More recently the Minnesota Supreme Court has applied the analysis set forth in the case of United States v. Cortez, 449 U.S. 411, 101 S. Ct. 690, 66 L. Ed. 2d 621 (1981), in determining whether an investigative vehicle stop is constitutional. See State v. Kvam, 336 N.W.2d 525 (Minn. 1983), and State v. Mallory, 337 N.W.2d 391 (Minn.1983). In Cortez border patrol officers made an investigatory stop of a pickup truck with a camper shell to determine whether illegal aliens were being transported as suspected by the officers on the basis of their knowledge and observations. In finding the stop did not violate the Fourth Amendment, the court proceeded with the following analysis:

[T]he essence of all that has been written is that the totality of the circumstances the whole picture must be taken into account. Based upon that whole picture the detaining officers must have a particularized and objective basis for suspecting the particular person stopped of criminal activity. [Cites omitted.] The idea that an assessment of the whole picture must yield a particularized suspicion *892 contains two elements, each of which must be present before a stop is permissible. First, the assessment must be based upon all the circumstances. The analysis proceeds with various objective observations, information from police reports, if such are available, and consideration of the modes or patterns of operation of certain kinds of lawbreakers. From these data, a trained officer draws inferences and makes deductions inferences and deductions that might well elude an untrained person. The process does not deal with hard certainties, but with probabilities ... the evidence thus collected must be seen and weighed not in terms of library analysis by scholars, but as understood by those versed in the field of law enforcement. The second element ... is the concept that the process just described must raise a suspicion that the particular individual being stopped is engaged in wrongdoing.... (Emphasis added.)

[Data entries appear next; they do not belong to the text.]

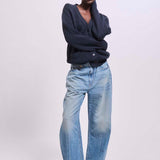 Jamie Haller - The Welt Pocket Cardigan in Navy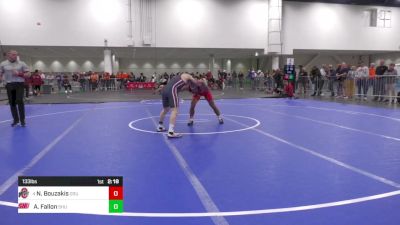 133 lbs Rd Of 16 - Nic Bouzakis, Ohio State vs Andrew Fallon, Sacred Heart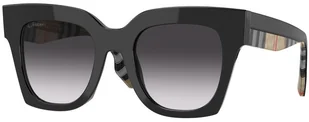 Burberry Okulary Przeciwsłoneczne BE 4364 KITTY 39428G - Okulary przeciwsłoneczne - miniaturka - grafika 1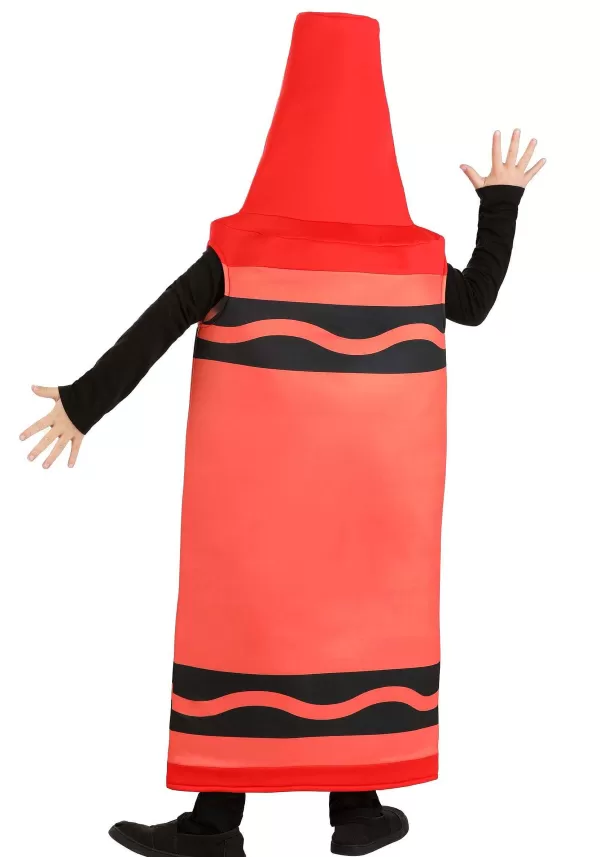 Online Kid'S Red Crayola Crayon Costume Boy Costumes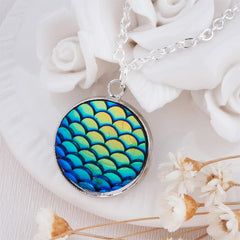 Charm Mermaid Style Necklace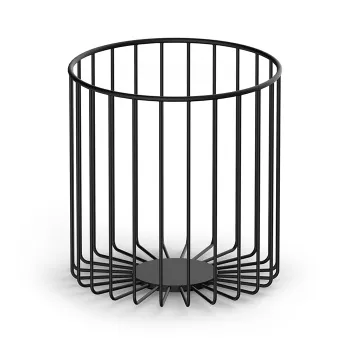 Ведро для мусора Decor Walther Universal 859260 черный матовый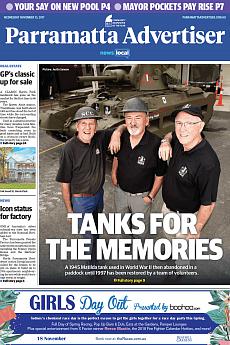 Parramatta Advertiser - November 15th 2017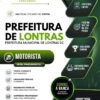 Motorista Prefeitura Lontras SC | Apostila 2026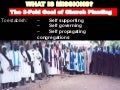 What is Missions?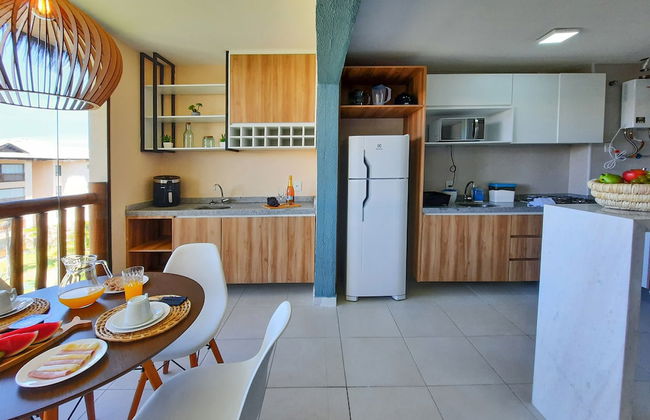 VG Sun Cumbuco Luxo 2 quartos 6 pessoas By DM Apartments - Foto 39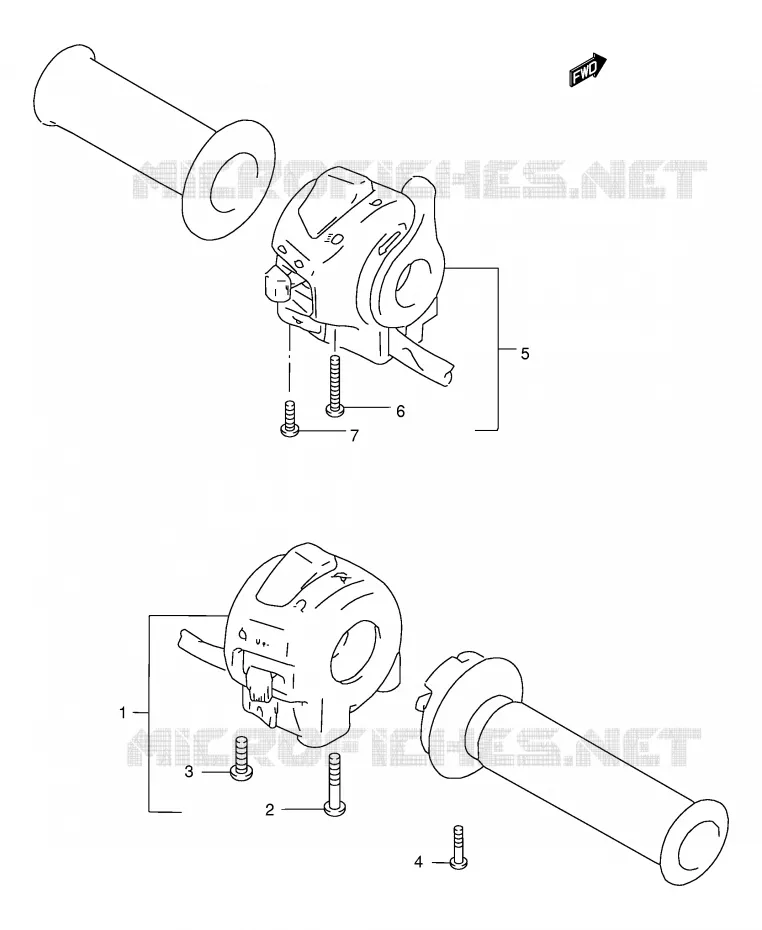 COMMODOS Suzuki MOTO 250 MARAUDER 2000  GZ250Y(E1)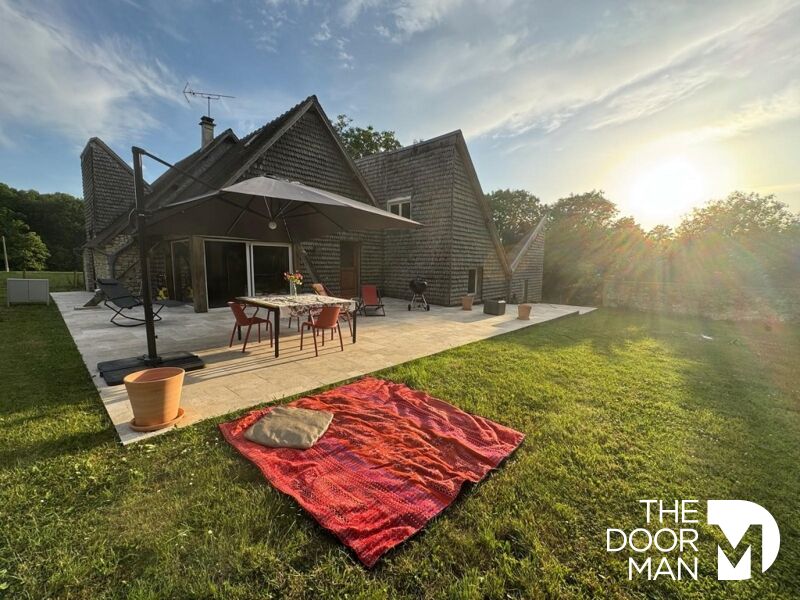 Maison 160m² — Courgeoût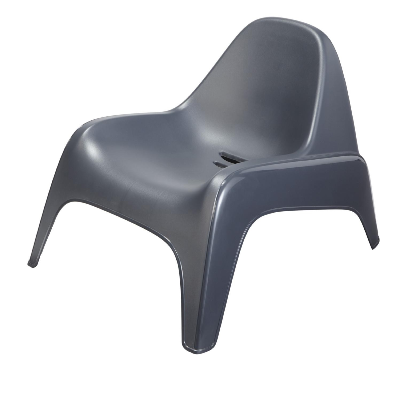 Fauteuil jardin plastique 3614610822678 HYBA Fauteuil jardin plastique 3614610822678 HYBA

449 U.S. at 418-19, 101 S. Ct. at 695.

Using the analytical framework of Cortez, the Minnesota Supreme Court considers "the totality of the circumstances" in determining "whether the police who made the stop are able to articulate at the omnibus hearing that they had a `particularized and objective basis for suspecting the particular persons stopped of criminal activity.'" State v. Kvam, 336 N.W.2d 525, 528 (Minn.1983). In addition, the articulated observations of the police officer are viewed from the perspective of a trained law enforcement officer who is permitted to make "inferences and deductions that might well elude an untrained person." Id. citing Cortez, supra, 449 U.S. at 419, 101 S. Ct. at 695.

Viewing the observations of Officer Irish in this case as a whole, from the perspective of a law enforcement officer, we hold that the investigatory stop of defendants was constitutional. Officer Irish did not stop the vehicle for a routine license check on a whim. The officer was able to articulate specific observations which led him as a trained law enforcement officer to suspect that the truck without a tailgate, which passed through an alley at a late hour on its way out of a small town, was transporting a stolen motorcycle. Viewing the case from the vantage point of the officer on the scene, his observations sufficiently demonstrate that he had reasonable suspicion to justify an investigatory stop of defendants' vehicle to determine whether the defendants were engaged in wrongdoing.

DECISION

We reverse and reinstate the complaints with all suppressed evidence for trial.